Posição retrograda? História da carochinha?
Saudosismo? O que ontem foi possível mesmo já depois dos pioneiros já não é
agora, as imagens e sons e parafernália acessória escorrem como tinta lançada à
sorte pelas telas dos nossos portáteis que tendem a substituir as salas
incomportavelmente grandes, e assim a palavra resistência é a mais válida.
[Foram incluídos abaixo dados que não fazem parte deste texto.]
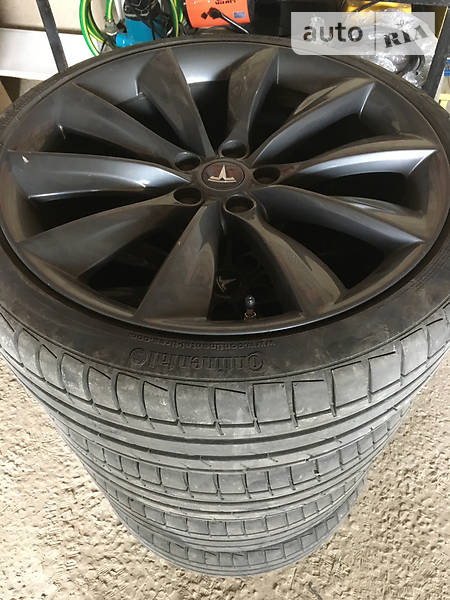 Хетчбек Tesla Model S 2014 в Коломиї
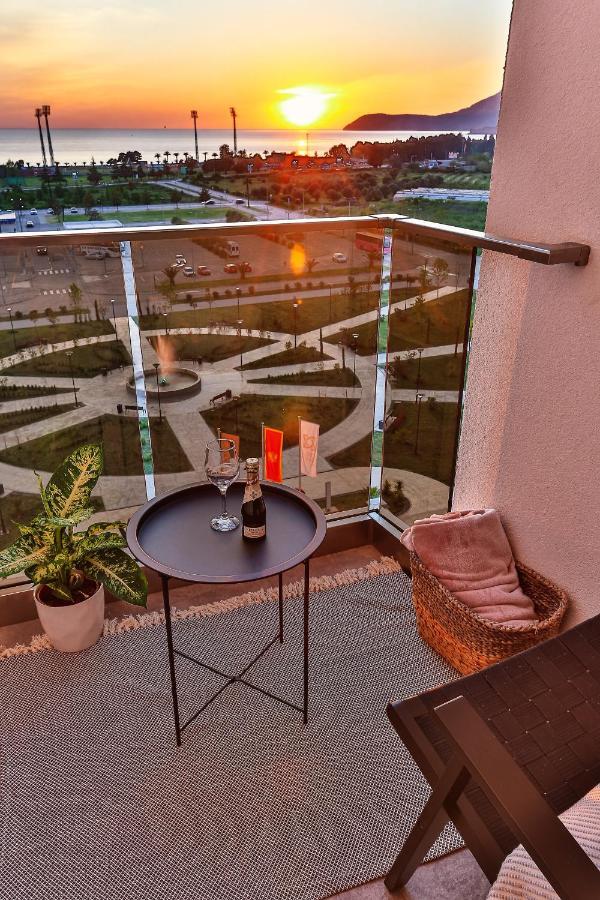 A21 Lux - Soho City Complex Bar Bagian luar foto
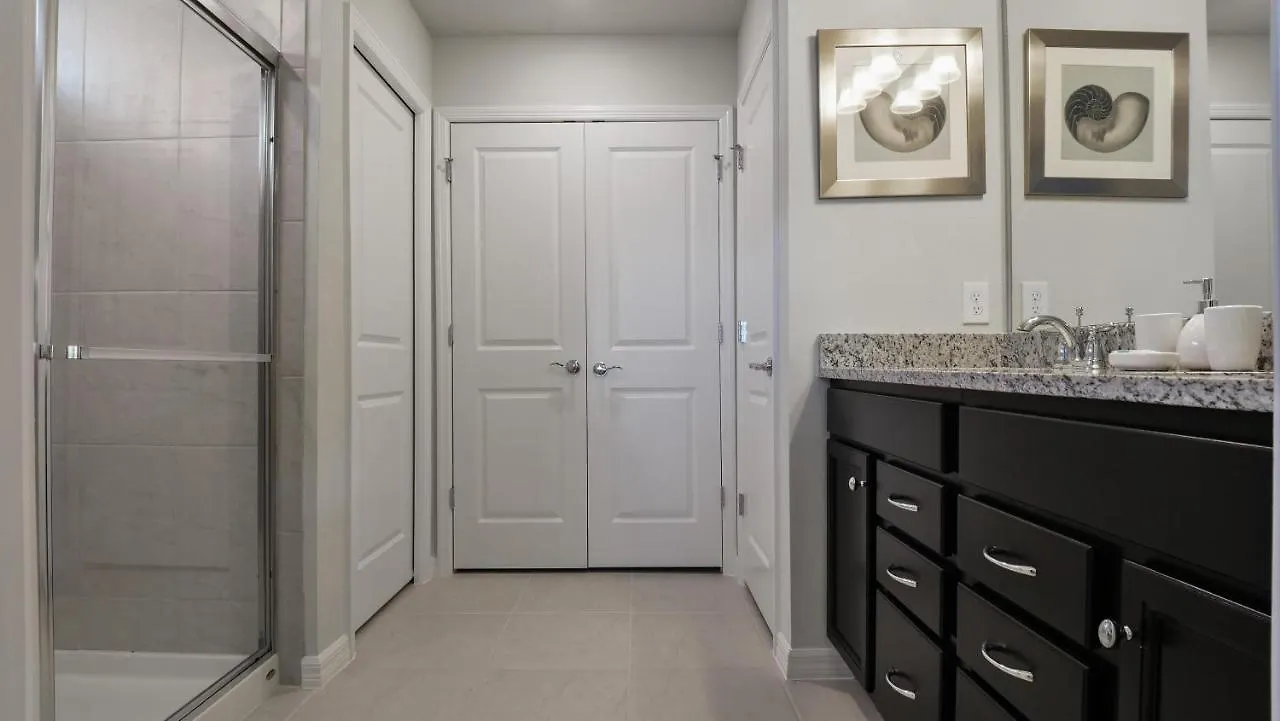 Luxury Five Bed In Windsor Island Bsv2331 Villa Davenport Holiday home
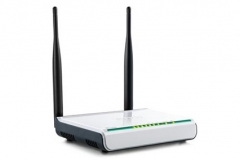 腾达 837R 无线路由器修改wifi密码和名称教程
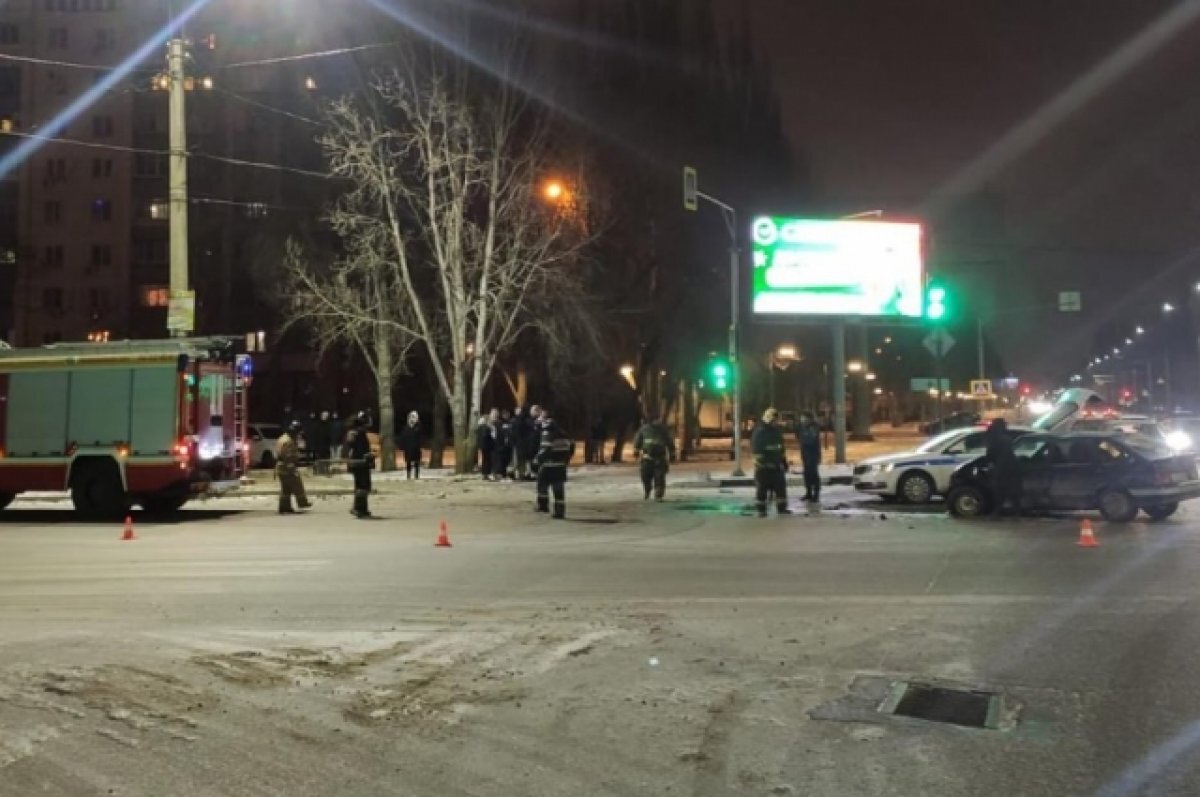    В Воронеже ВАЗ устроил массовое ДТП с погибшим пешеходом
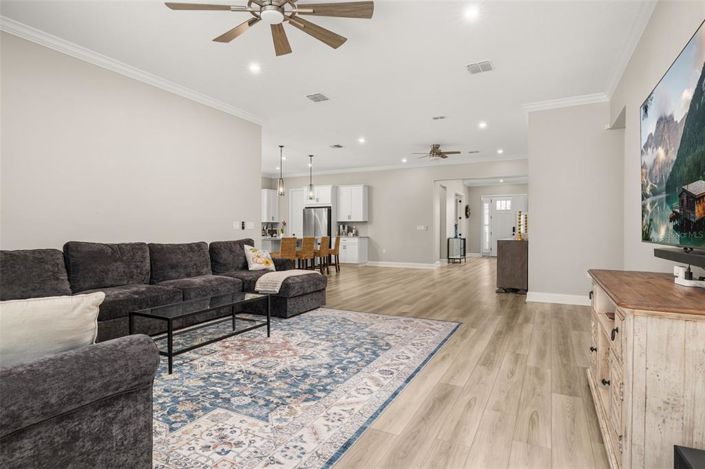 Image No.12-7 Bed House for sale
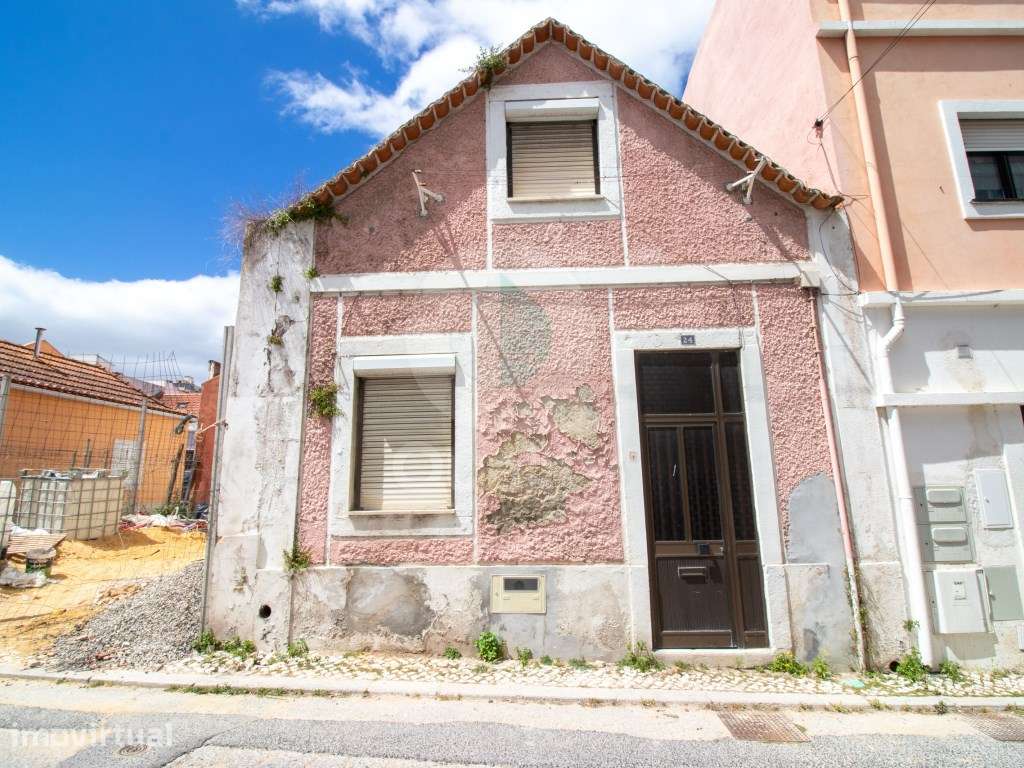 MORADIA T2 DUPLEX COM PROJECTO, NO CENTRO DO BARREIRO - Grande imagem: 3/21
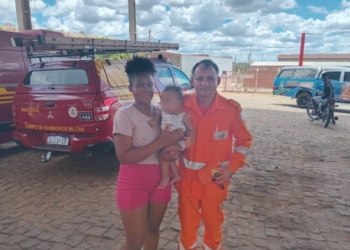 Bombeiros salvam bebê que chegou engasgado e sem respirar ao quartel em Oeiras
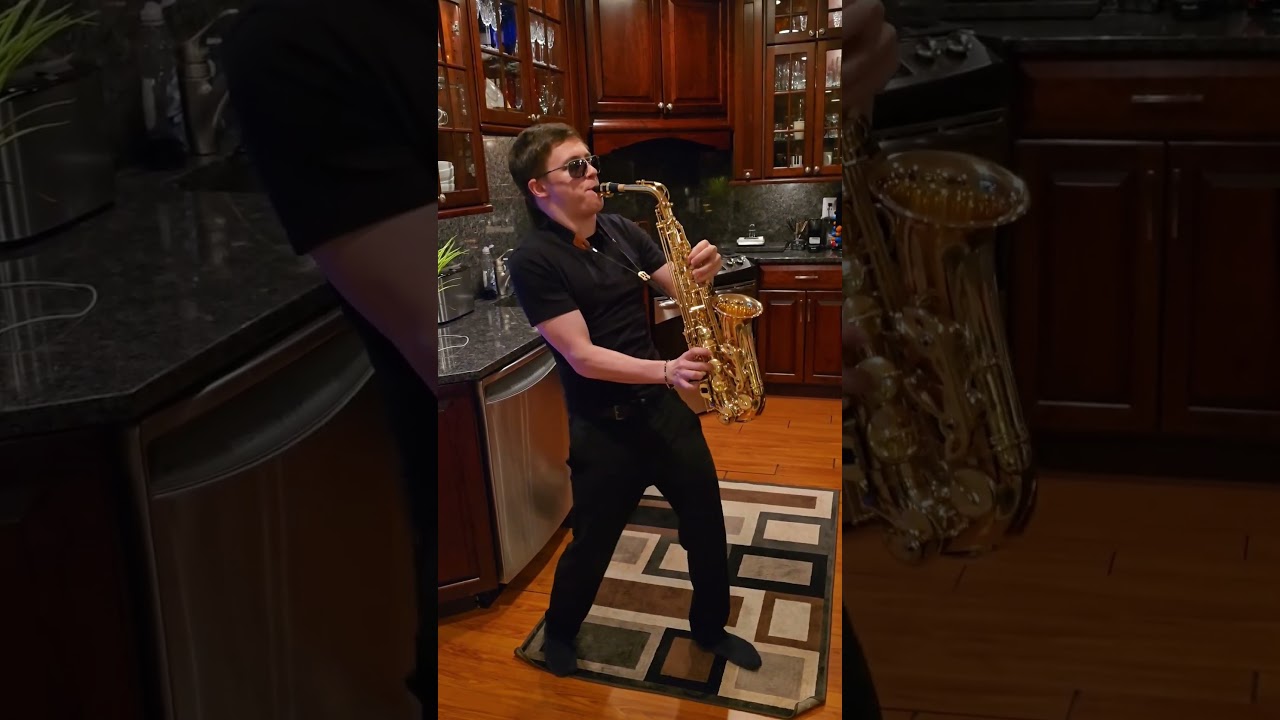 Being the Epic Sax guy 🔥😎 Insta: @leolorenzooo #music #sax #saxophone #saxcover #instrumental #epic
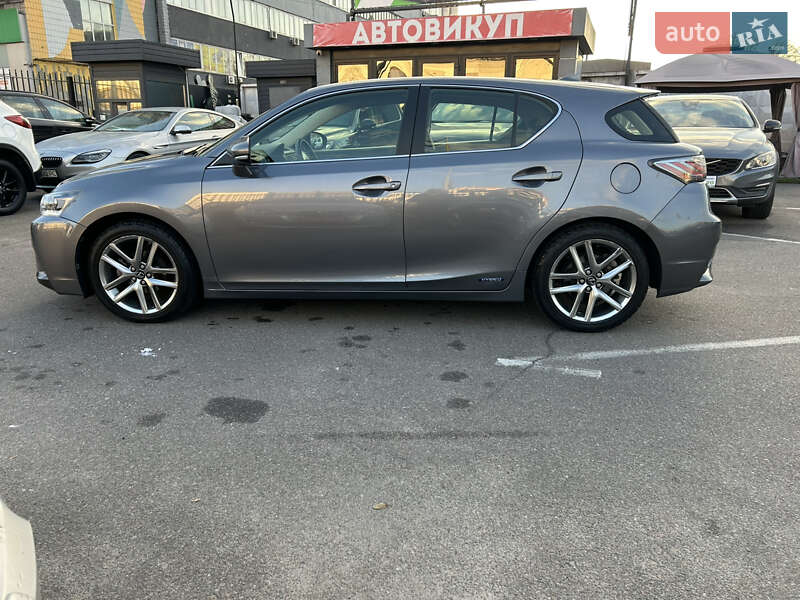 Хэтчбек Lexus CT 2017 в Киеве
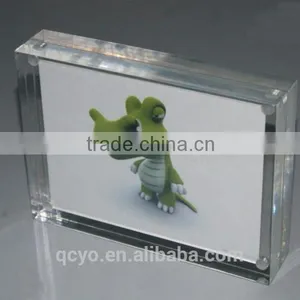 2015 Newest Product Acrylic Customized Clear Photo Frame thumbnail-1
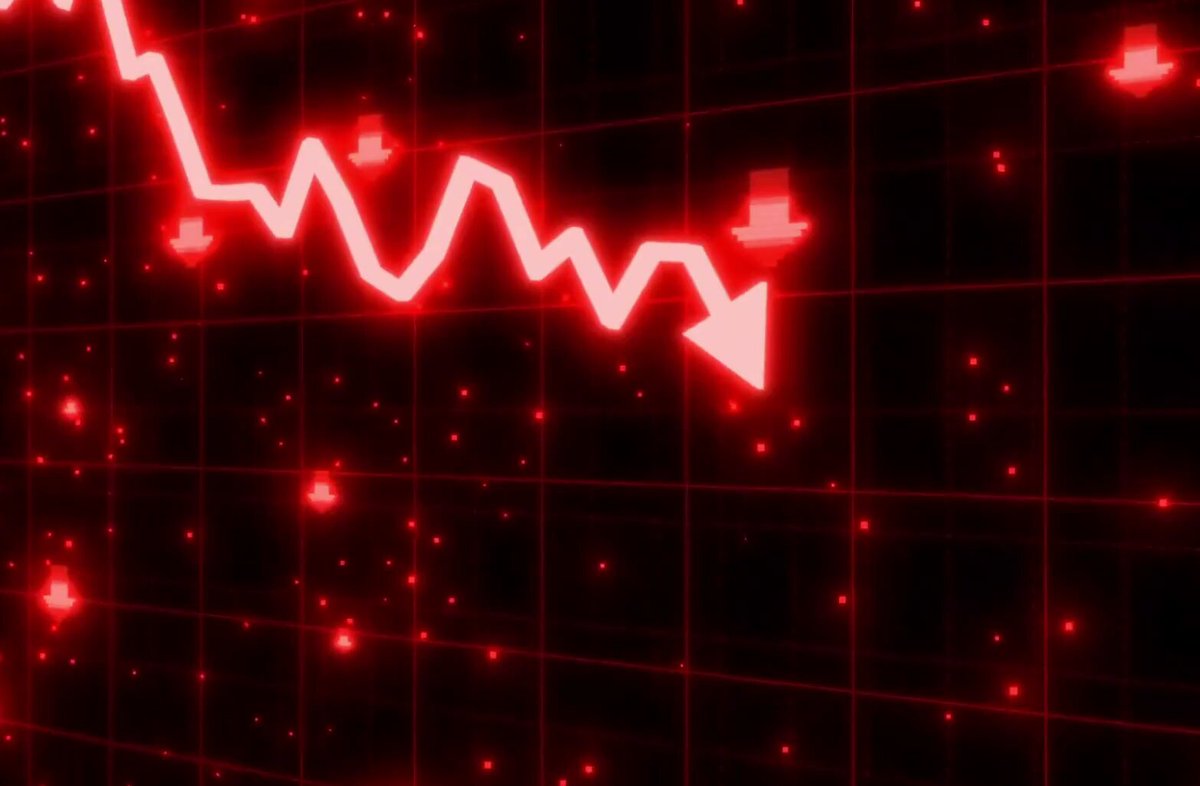 🚨 NOBODY THOUGHT THE TREASURY COMPANIES WOULD BE THE TRIGGER Saylor's Strategy: trading below the value of its own Bitcoin, now selling BTC to cover dividends. Tom Lee's BitMine: down 86%, $9B underwater on Ethereum no longer raising, just paying out. Different fuel. Same stall. When the buyers of last resort stop buying and start paying out, the playbook is dead. They were never clean crypto bets. They were a leveraged premium dressed up as one. And convincing the world otherwise was the greatest trick the market ever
É
difícil encontrar o olhar de criança, antes da grande violação, da usura e de
alguns incestos, mas nunca se deve desistir e essa será a moral para viver e
morrer de pé, mesmo que se leve com um rótulo que hoje deve ser tomado em
conta, o de reacionário que até mesmo colam a um James Gray, esse tão empenhado,
actual e apaixonado artesão. Penso nos grandes pioneiros do digital, e já agora
que não se leia isto romanticamente ou ironicamente, como Pedro Costa ou o caso
do “Wolframe” arrancado a ferro e fogo por Rodolfo Pimenta e Joana Torgal das funduras
da terra e mais ainda do cinema, esses que com o chamado vídeo caseiro
procuraram, fungaram pelos escombros, ousaram, arriscaram, acreditaram nessa
impossibilidade pelo trabalho e pelo reaprender a olhar, para descobrirem como
se deve ver agora o Homem, de onde, sobre que fundo, horizontes perdidos;
quanto tempo deve demorar a irromper e a passar no plano alguma coisa, quem
deve encontrar, quando deve falar e o que dizer, novos ritmos, novos cortes,
novos raccords, até silêncios nunca escutados. O mundo, a sociedade, a
arquitectura, os valores, mitos, desilusões, é tudo de outra ordem. Não se trata
então de fazer à Griffith ou à Chaplin, de plasmar, guinada utópica, nem de um
alquimismo cego, mas de lavar o olhar, de se reposicionar, fechar os olhos às
modas que são a reverberação da publicidade e do engano que nos quer fazer crer
que tudo está bem e se deve continuar na onda, mas antes ser-se fiel e lutar, pregar
no deserto, como o filme que me trouxe a estas linhas não cessa de nos dizer, para
que as coisas fundadoras, plenas, invioláveis se metam no trilho e no sentido
certo. A natureza a seguir o seu devido curso. O grito da flor no deserto ou o trajecto
da estrela cadente. E a infância, os órfãos que mesmo eternamente enlutados não
têm e têm temor de se atirarem a esse buraco onde se encontra o maior dos
segredos. E as sombras adensam-se. “Eu fi-los ver, não fiz? Eu mudei tudo”, a
ler com toda a literalidade, branco é galinha o poe.